Merge tracking proposal, rev 2

From: Daniel Berlin <dberlin_at_dberlin.org>
Date: 2006-05-06 21:29:09 CEST

This is revision 2 of the proposal.
I have removed revision properties, added some examples, tightened up
the semantics, addressed some of the questions various people raised
about how things work in practice,

For convenience, i have attached a diff of the two proposals.

Among other things I am working on at Google, I have been tasked
full-time with implementing merge tracking.

As part of this, I have come up with a design I plan on implementing for
tracking what revisions have been merged where, in a manner that is
suitable for use by various other operations (history sensitive merging,
etc).

In doing so, I reviewed the use cases that were kindly written up, and
believe that most if not all of them can be accomplished with this
design.

These use cases and requirements can be found at
http://subversion.tigris.org/merge-tracking/requirements.html

This design is intended to track changes at a granularity necessary to
support the merging cases of "Repeated merge", "Cherry Picking",
"Rollback Merge", "Record Manual Merge", "Merge Previews",
"Distributability of Merge Resolution".

Please remember that this design is *only* for tracking what changes are
merged where. I expect this to be the easy part, compared to deciding
exactly what algorithms our history sensitive merge uses, and how it
proceeds.

I have divided the design into four portions "goals", "information
storage", "information updating", and "examples".

The "random questions and answers" section is there to answer common
questions other developers I've talked to while coming up with this
design have had, in the hopes that it will answer some common queries
the list may have.

Goals:

The overarching goal here is to track the revision numbers being merged
by a merge operation, and keeping this information in the right places
as various operations (copy, delete, add, etc) are performed.

The goals of this design are:
1. To be able to track this down to what files in a working copy and be
able to determine what files have had what revisions merged into them.

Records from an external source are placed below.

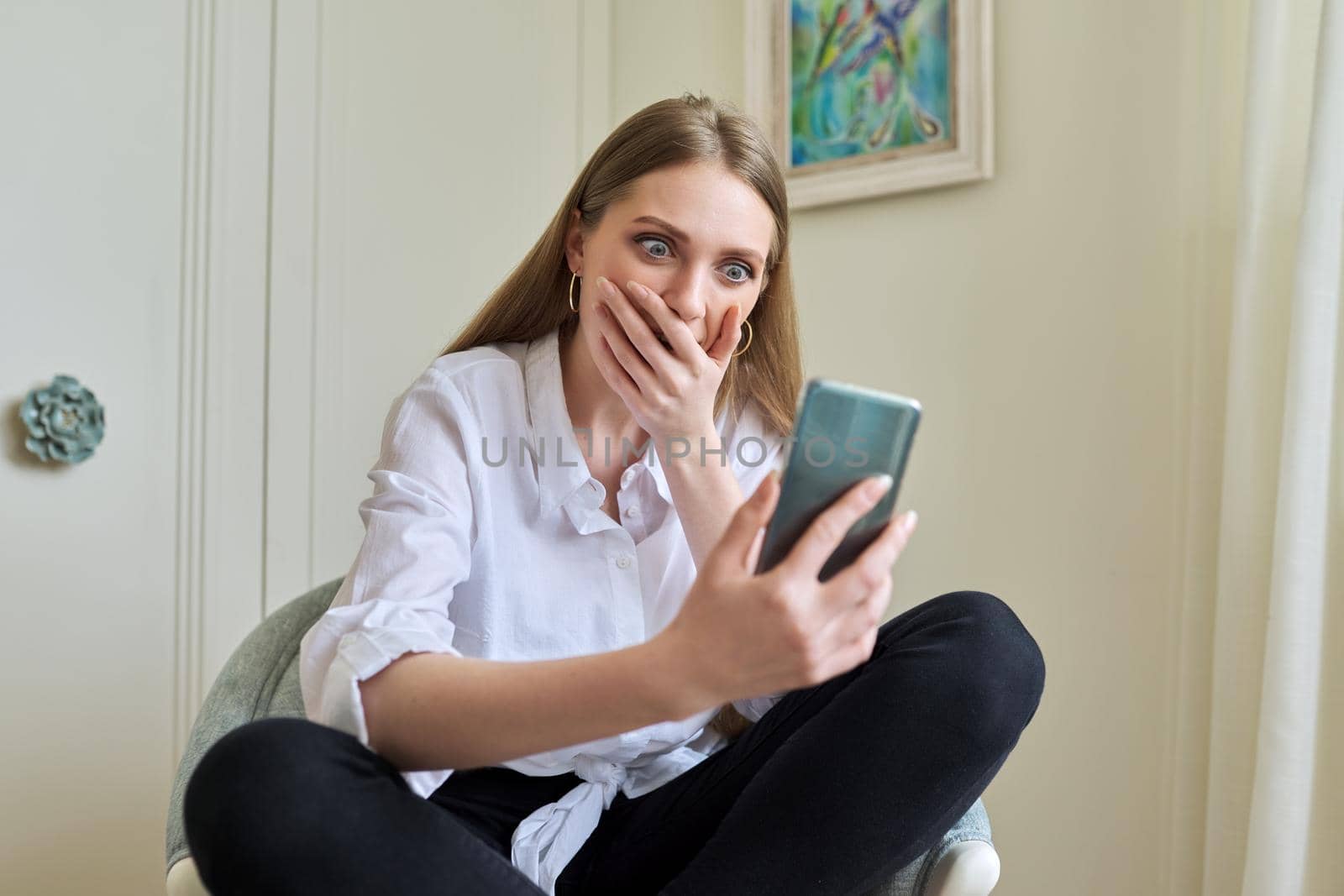 Emotional young beautiful woman looking at smartphone screen by VH-studio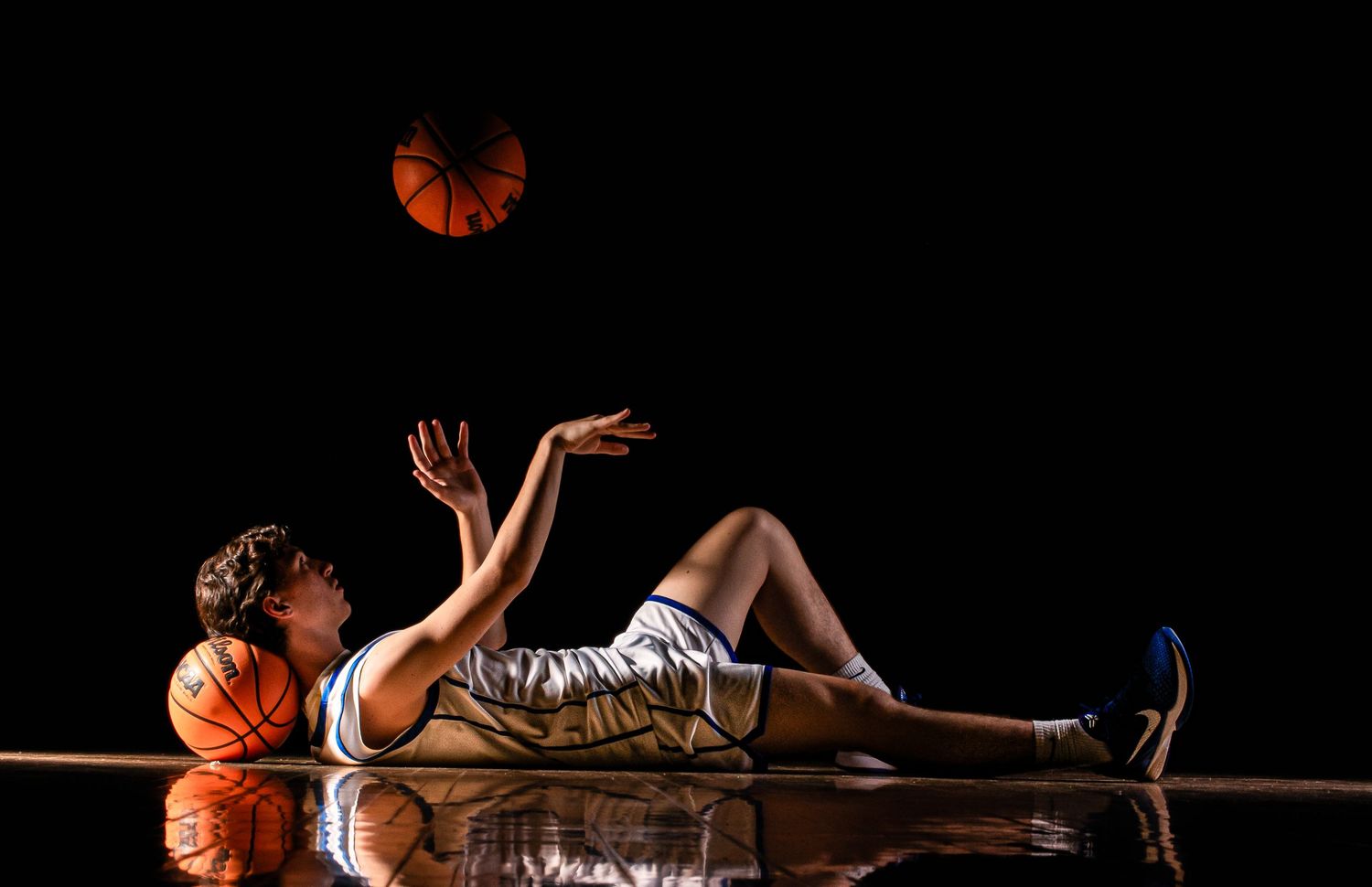 Basketball player demonstrates ball handling skills in horizontal action shot.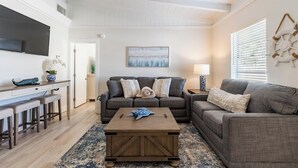 A modern living room with a gray sofa, a wooden coffee table, and a TV on a white wall. - Cute Home with pool, spa, mini golf walk to beach! (Holmes Beach)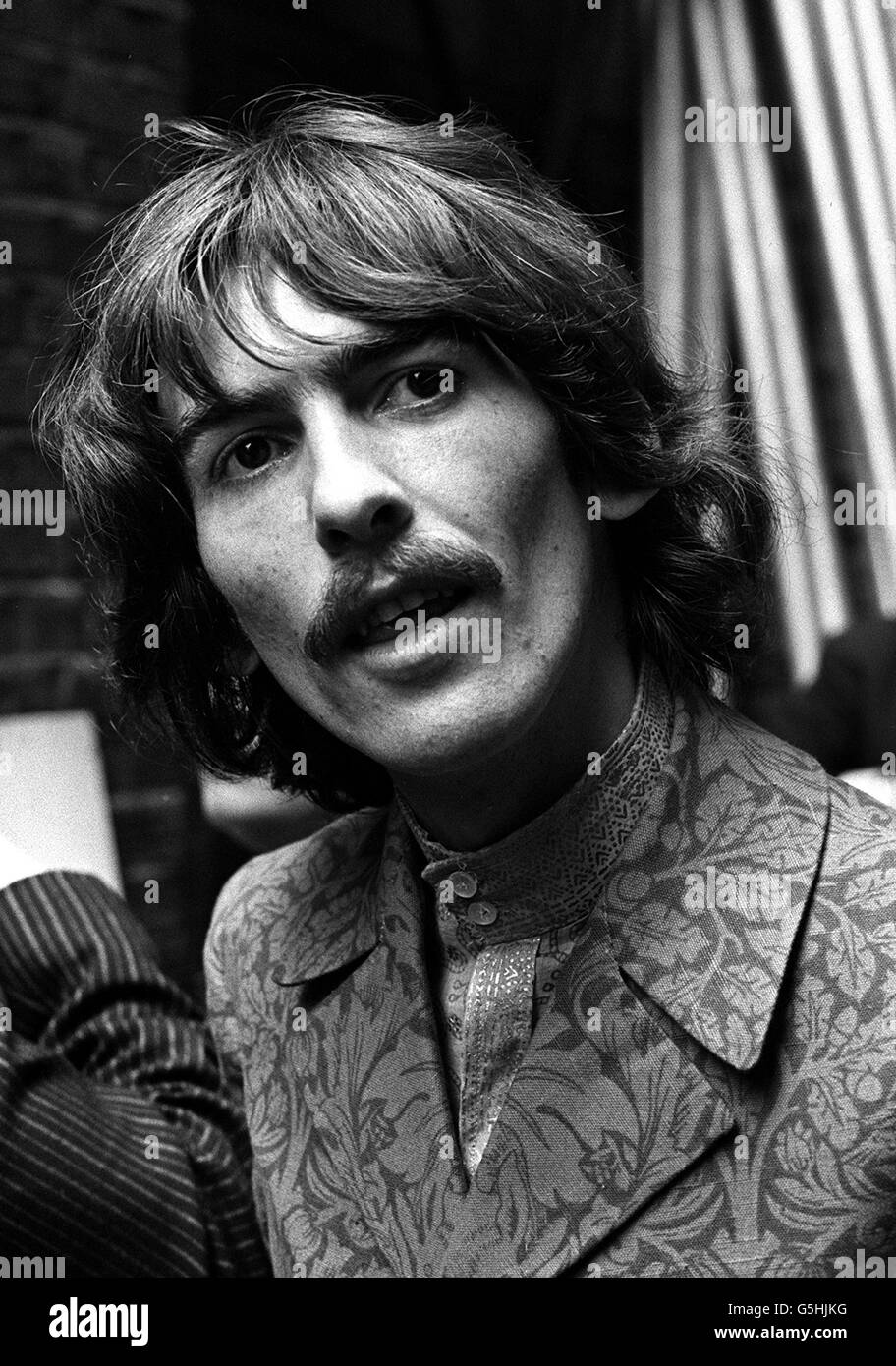 George Harrison, of the Beatles, at the EMI Studios, St. John's Wood, London. He has been rehearsing at the EMI Studios in St. John's Wood, London, for the group's appearance in the international television programme 'Our World'. They have written a song 'All You Need is Love' especially for the programme. Stock Photo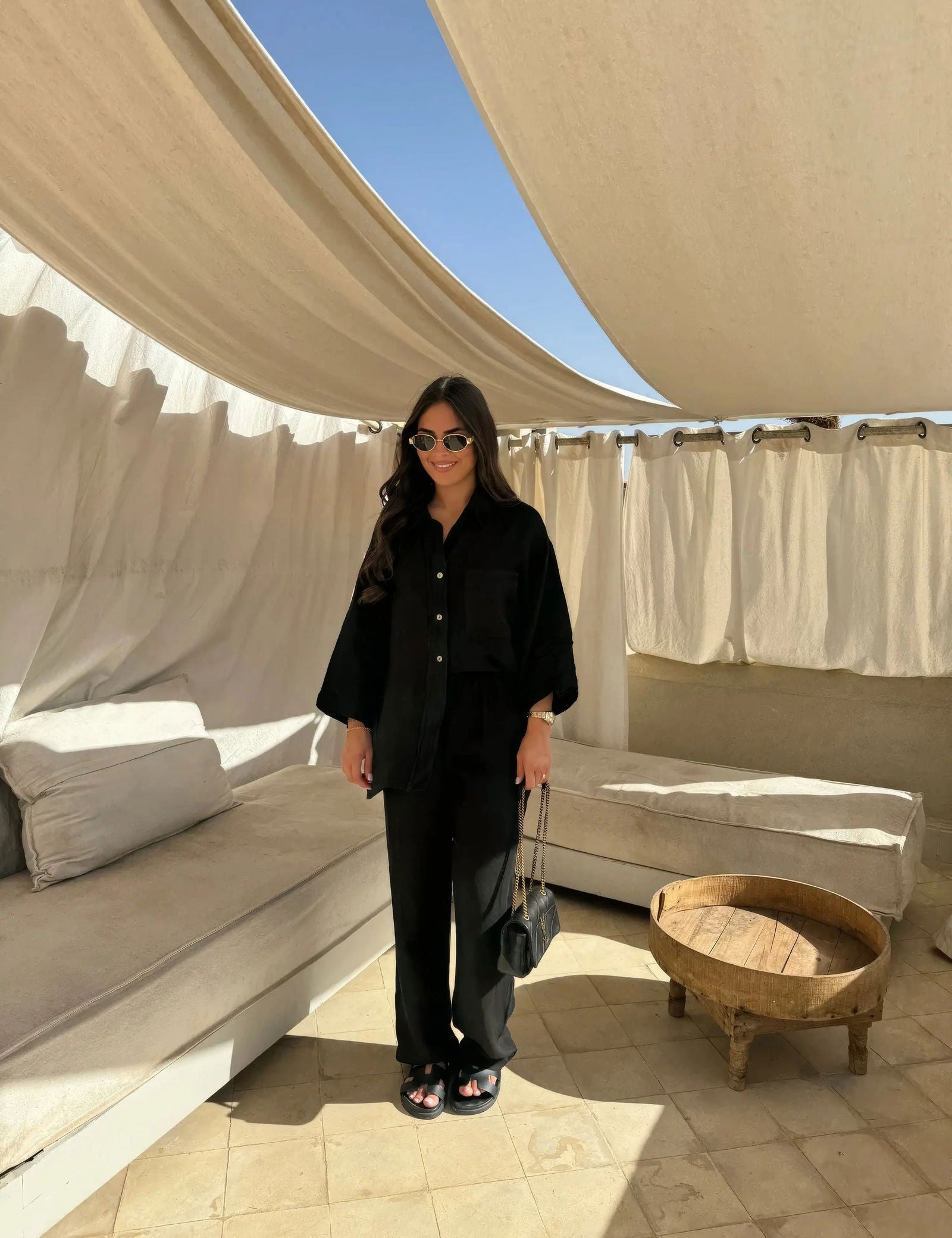 Donna con occhiali da sole indossa abito nero elegante, in terrazza con tende bianche e divani beige. Moda estiva, stile casual chic.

2. To not need to contact the server more than we already do now to
determine which revisions have been merged in a file or directory (ie
some contact is acceptable, asking the server about each file is not).

3. To be able to edit merge information in a human editable form.

4. For the information to be stored in a space efficient manner, and to
be able to determine the revisions merged into a given file/director in
a time efficient manner.

5. Still getting a conservatively correct answer (not worse than what we
have now) when no merge info is specified.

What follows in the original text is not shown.